Visit An Organic Farm This Easter

Visit an organic farm this Easter

There are plenty of reasons to visit an organic farm this Easter weekend, urges Michael Wale

The weather may not be at its best, but I urge you to wrap-up and get out this Easter weekend, and take advantage of the organic farms opening up to the public around the country.  There's a chance to see newly born lambs, walk around the farm and Easter egg hunts for children.

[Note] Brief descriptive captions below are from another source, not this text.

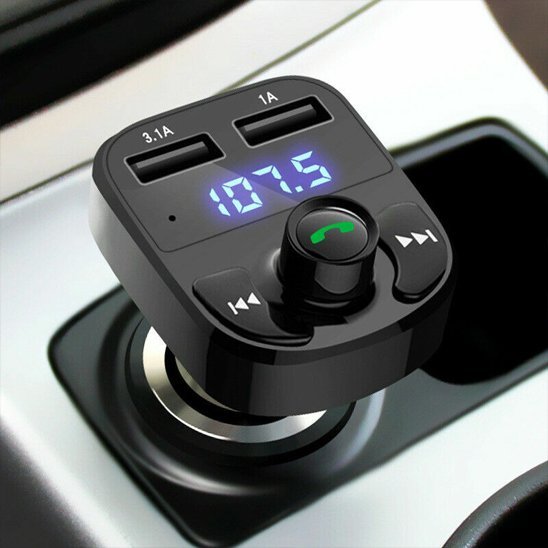 Transmetteur FM Bluetooth | DriveConnect - Fallaitipenser auto accessoires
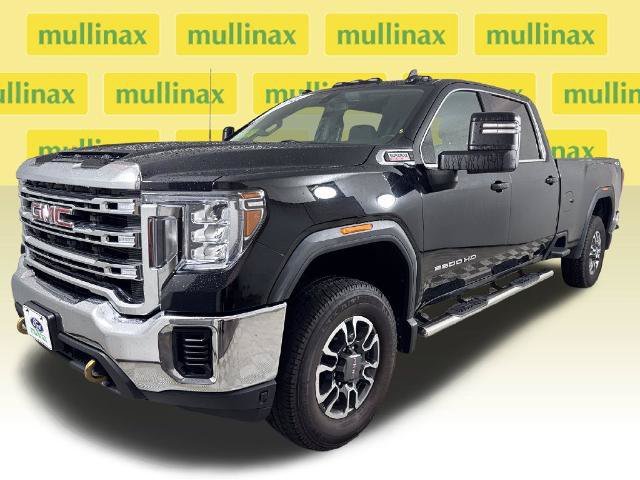 Used 2021 GMC Sierra 2500 SLE w/ Gooseneck/5TH Wheel Package AWD/4WD image 15
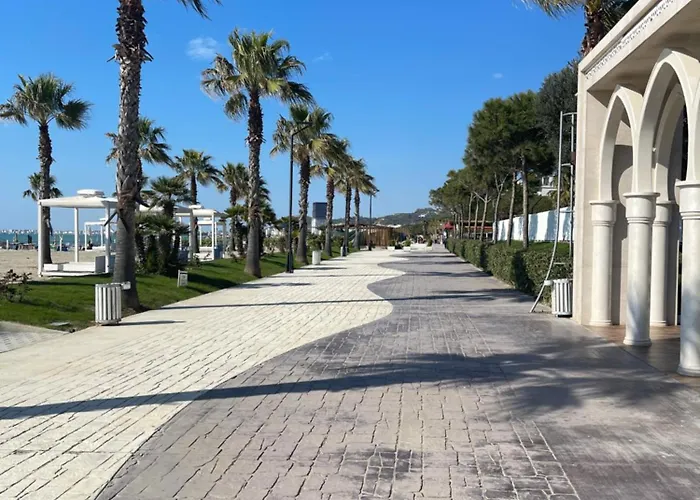 Apartamento 1+1 Golem (Tirana)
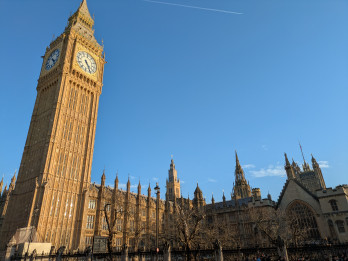 Image of Parliament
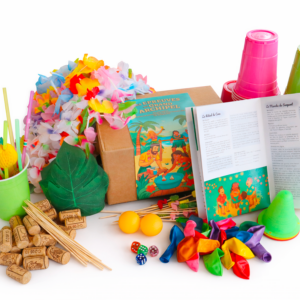 Les Épreuves du Grand Archipel – Party Box clé en main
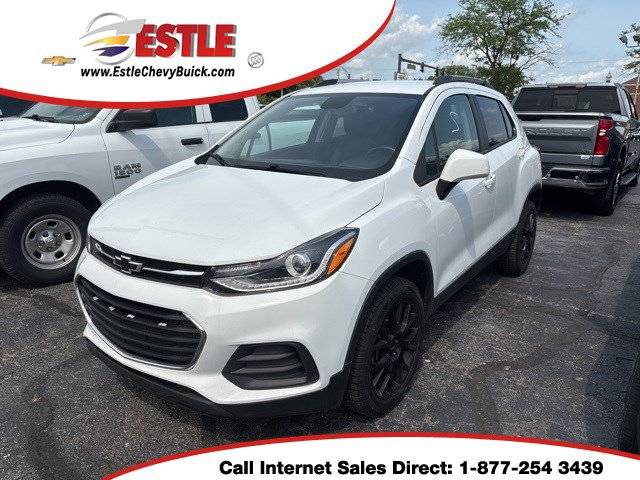 2022 Chevrolet Trax LT — SUV — 63,504 mi — Bryan, OH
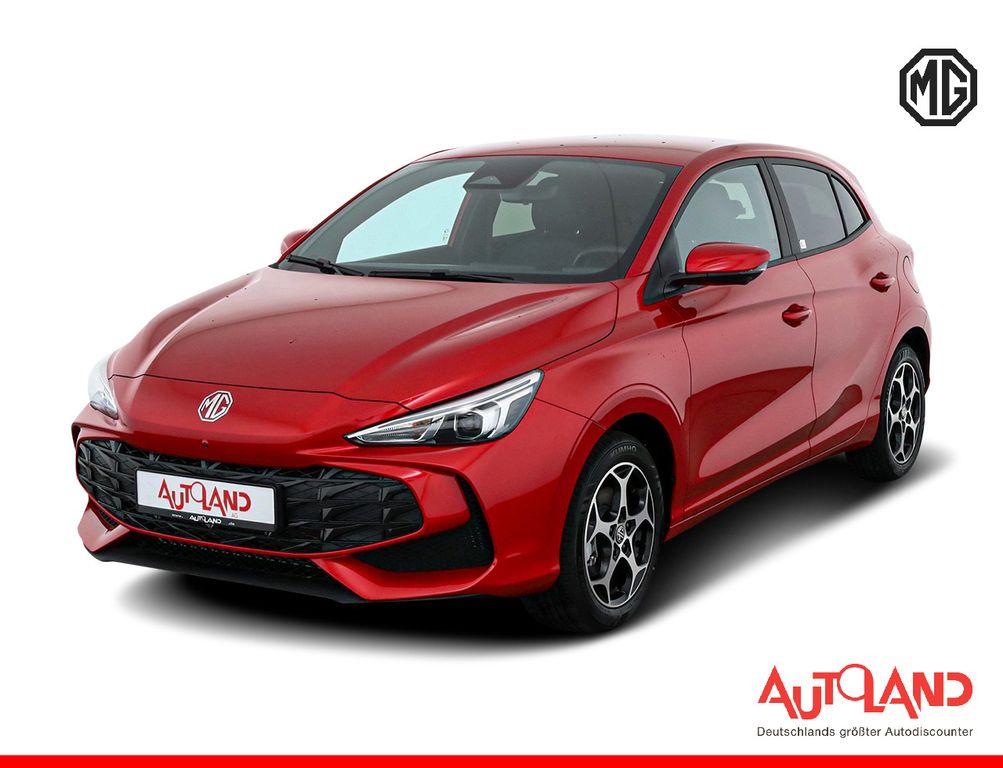 Bild des Angebotes MG3 1.5 Hybrid Luxury Aut. LED ACC Navi 360°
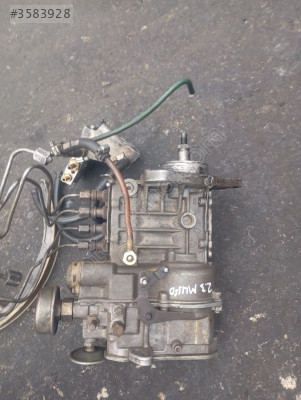 601 Mercedes 2.3 dizel mazot pompası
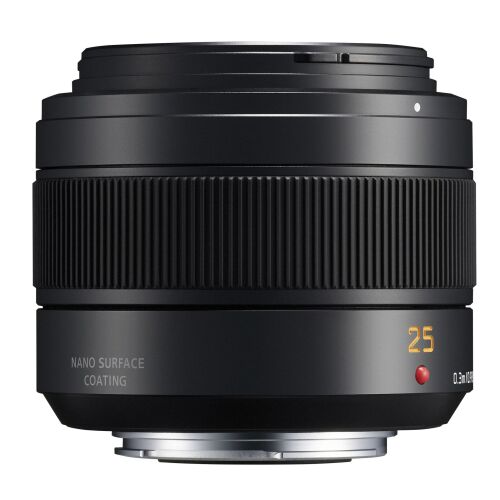 Panasonic Leica DG Summilux 25mm f/1.4 II ASPH objektív (MFT) 145000376
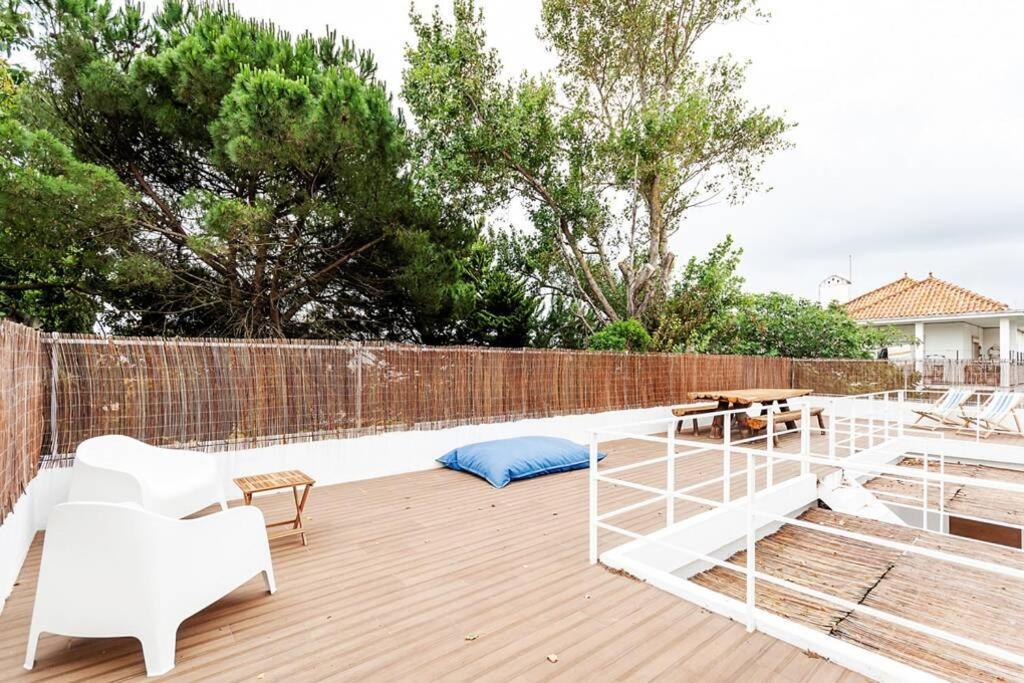 Loft Caparica Beach Costa da Caparica Dış mekan fotoğraf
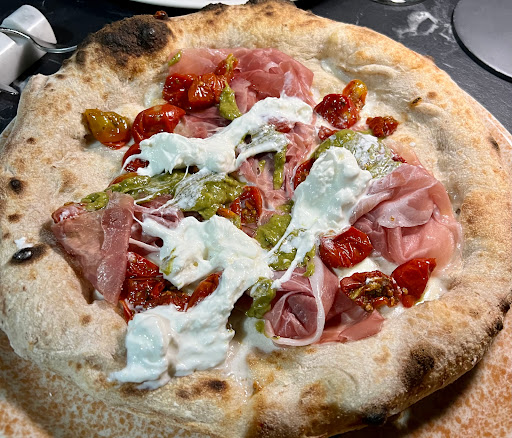 Pizzeria Fermento 2.0 in Cefalù, Città Metropolitana di Palermo
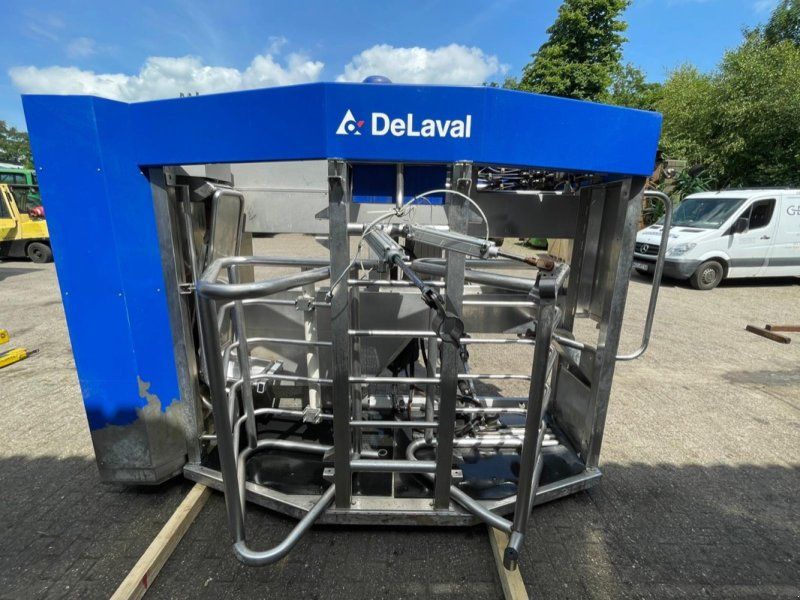 Alfa Laval VM 8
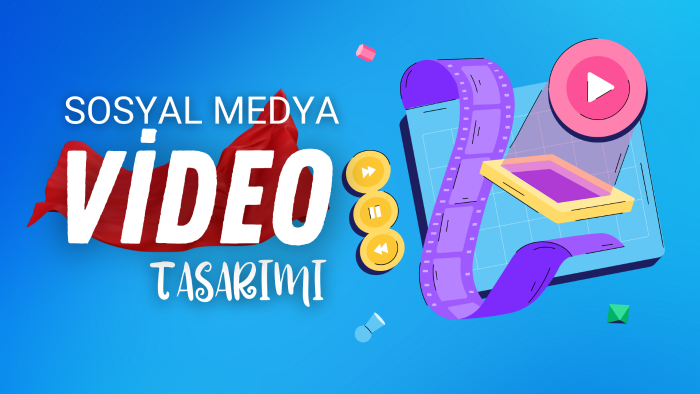 sosyal medya video post hazırlayabilirim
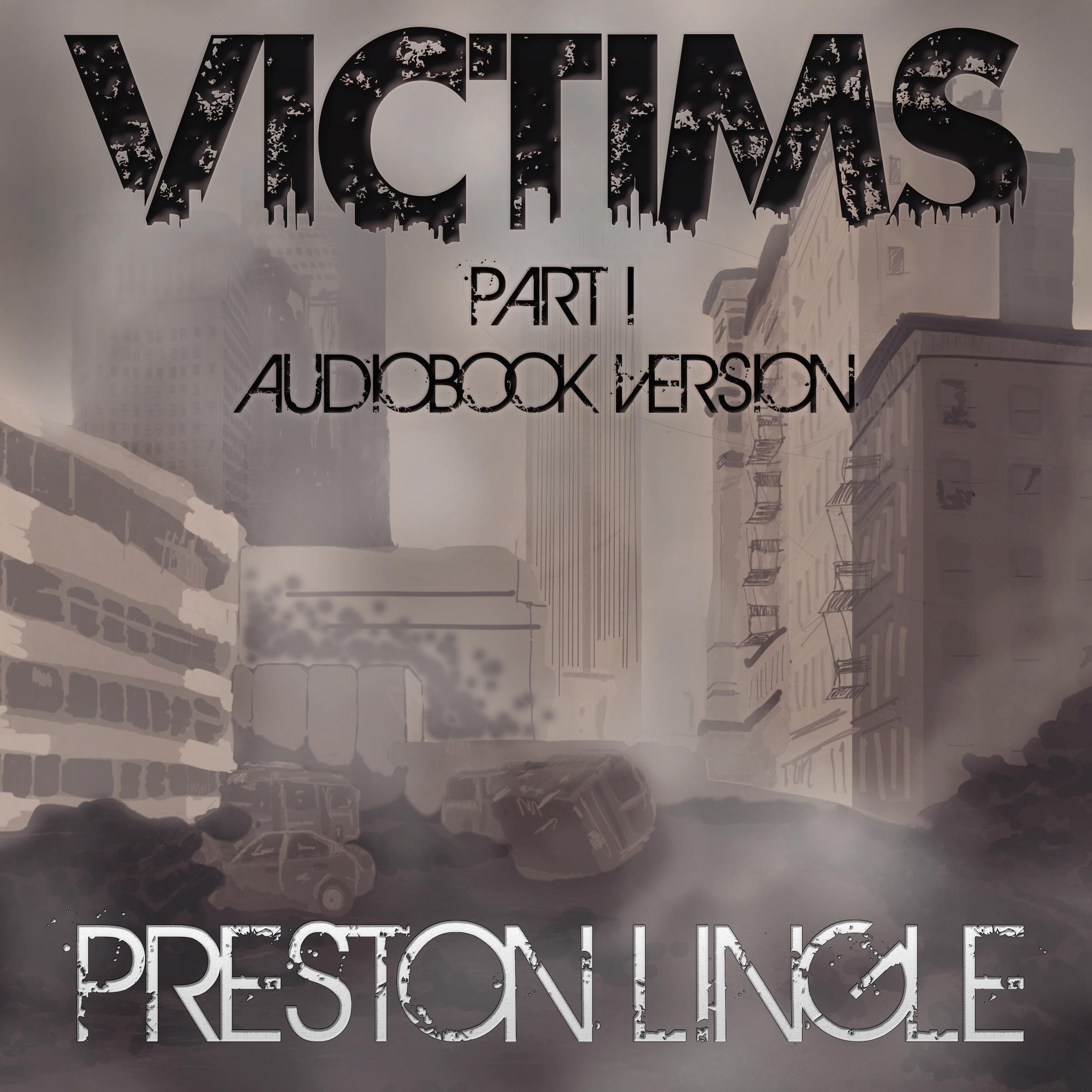 Cover art for Victims, Part 1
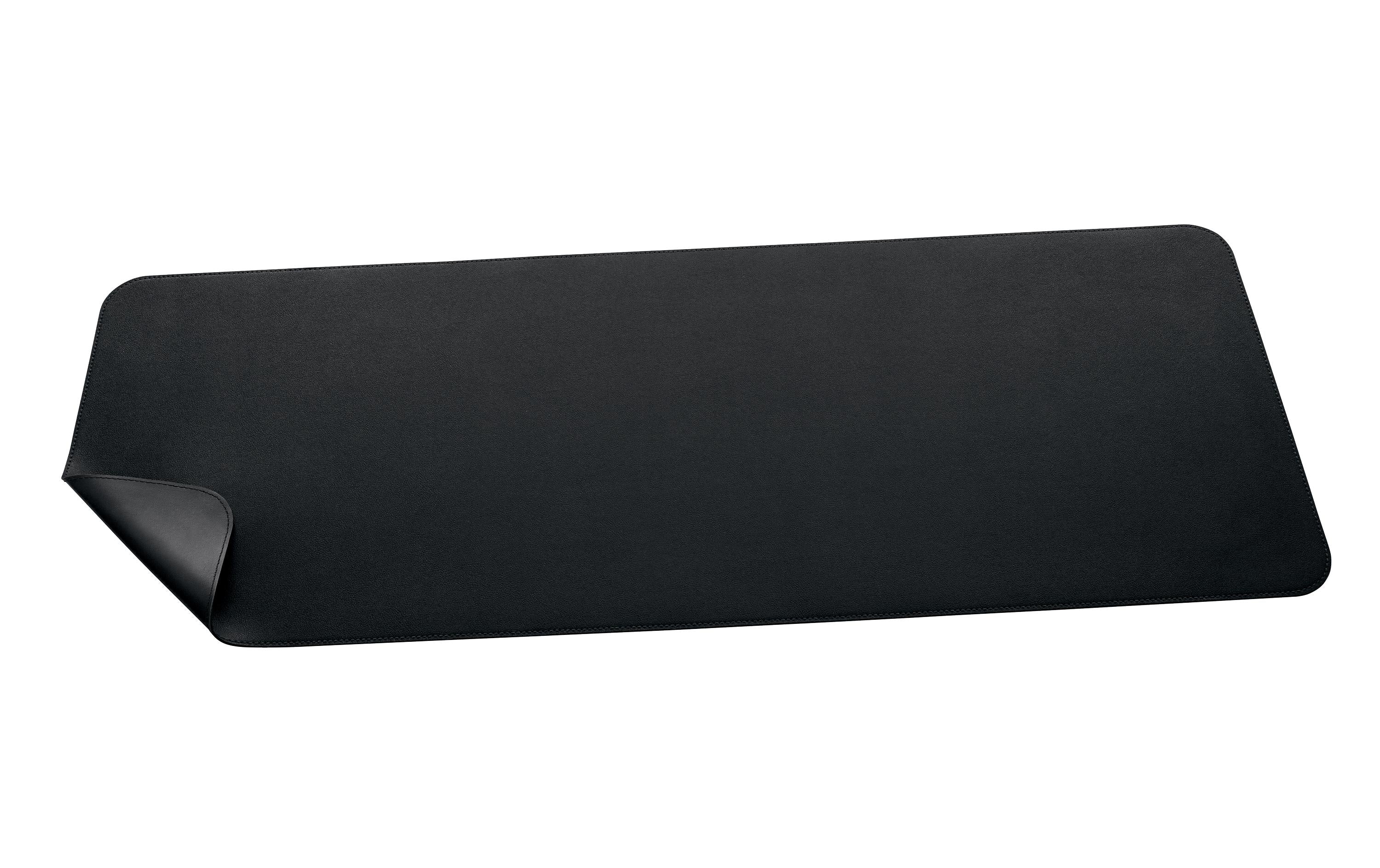 Sigel Schreibunterlage einrollbar wasserabweisend, 800x300mm, schwarz-schwarz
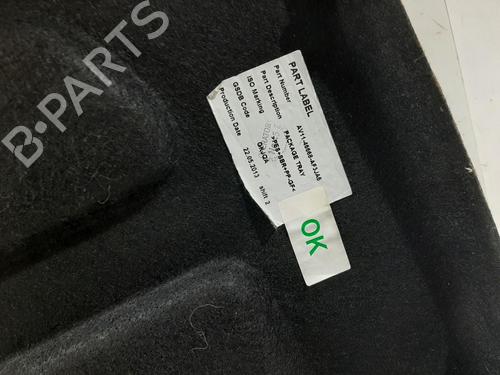 Hattehylde FORD B-MAX (JK) 1.4 | BP31341881C85 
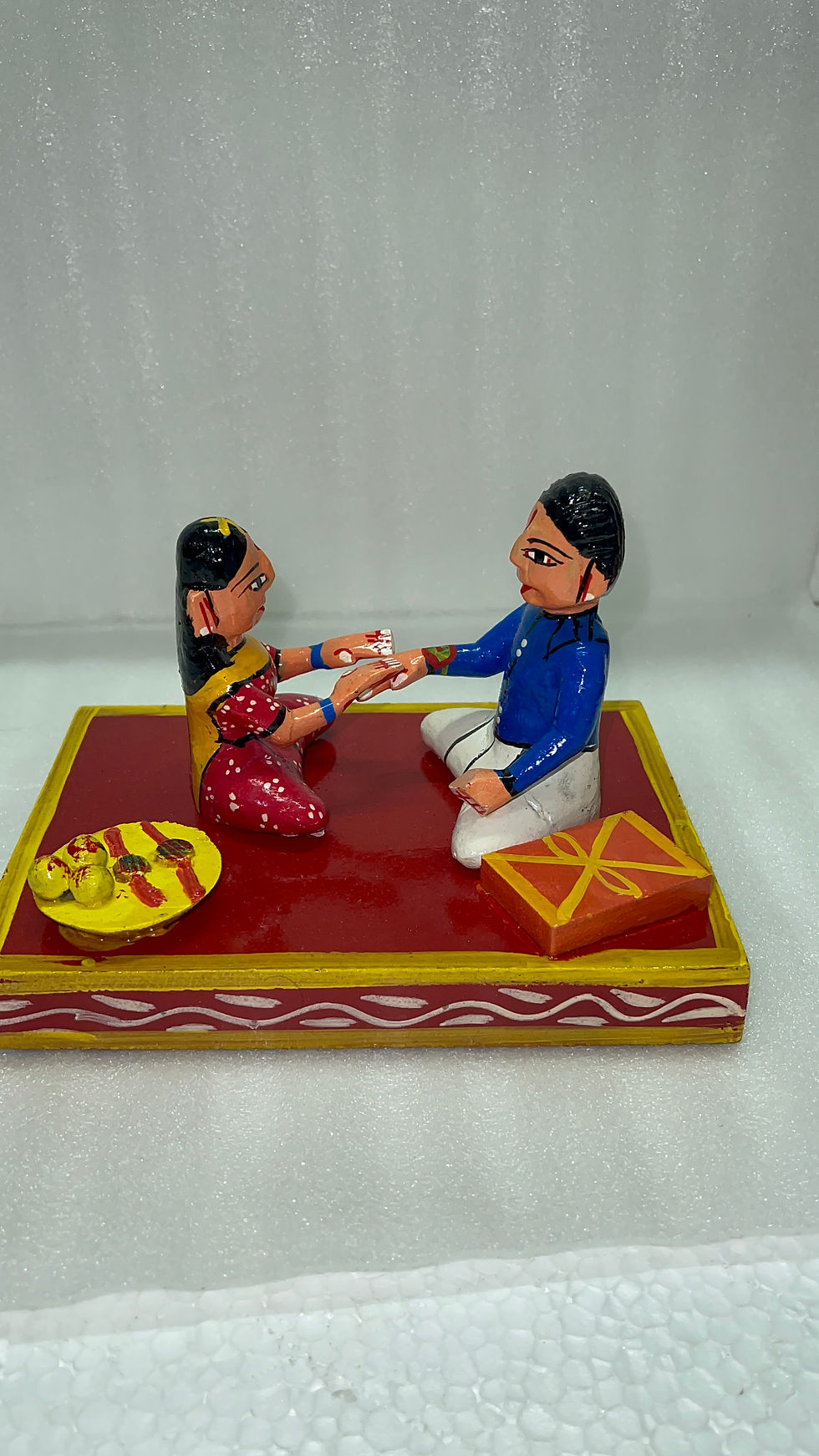 Thumbnail: Kondapalli Raksha Bhandan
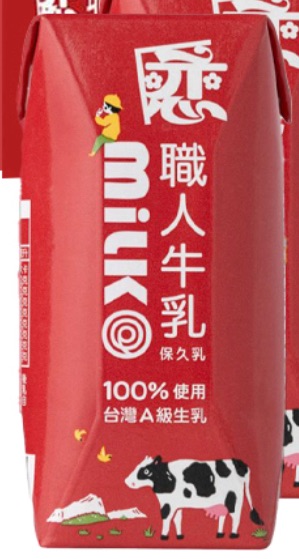 戀職人牛乳200ml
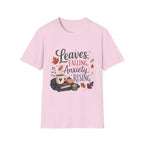 Leaves Falling, Anxiety Rising T-Shirt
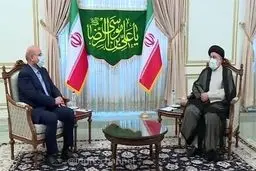 دیدار رییس مجلس با رییس جمهور منتخب مردم + جزئیات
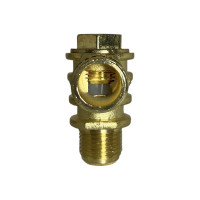 Клапан обратный для компрессора резьба наружная Pegas pneumatic 4313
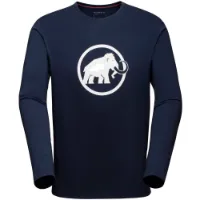 Mammut Classic Langarmet T-skjorte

In the North West there is Church Farm in Wirral, run by the Ledsham family, in a green belt area of outstanding natural beauty, with fantastic views over the River Dee estuary.  It will open up for three days of the Easter break starting on Saturday with its £7 entry fee including tractor rides, a forest hunt with prizes for children, access to farm park activities, an animal trail, plus the opportunity to meet the Easter bunny and newborn chicks.

The small village of Thurtaston is already very popular with walkers and there is a footpath right through the middle of the farm. To encourage wildlife extensive hedgerow planting has taken place and this scheme has been rewarded with the presence of foxes, hedgehogs, badgers and hares, all of which can be regularly spotted.

Despite encouraging foxes, the farm keeps a small flock of hens to produce enough eggs to supply the farm shop. There is also a herd of Highland cows, a small herd of Shropshire sheep, Kune Kune pigs, geese, ducks, rabbits and guinea pigs. The farm shop has won an award and sells a large range of organic produce.

In the West Country, Hindon Farm is opening its gates on Easter Saturday for the morning only. Visitors are promised piglets, primroses and lambs.

The pick for adults would be Sedlescombe Vineyard, which opens for the season on Good Friday at 10am.  Based in Robertsbridge, Sussex, visitors can visit the vineyard and, hopefully walk the Bluebell Walk - but it’s down to the weather.  There is also a Woodland Nature Trail, and to end it all, wine tasting.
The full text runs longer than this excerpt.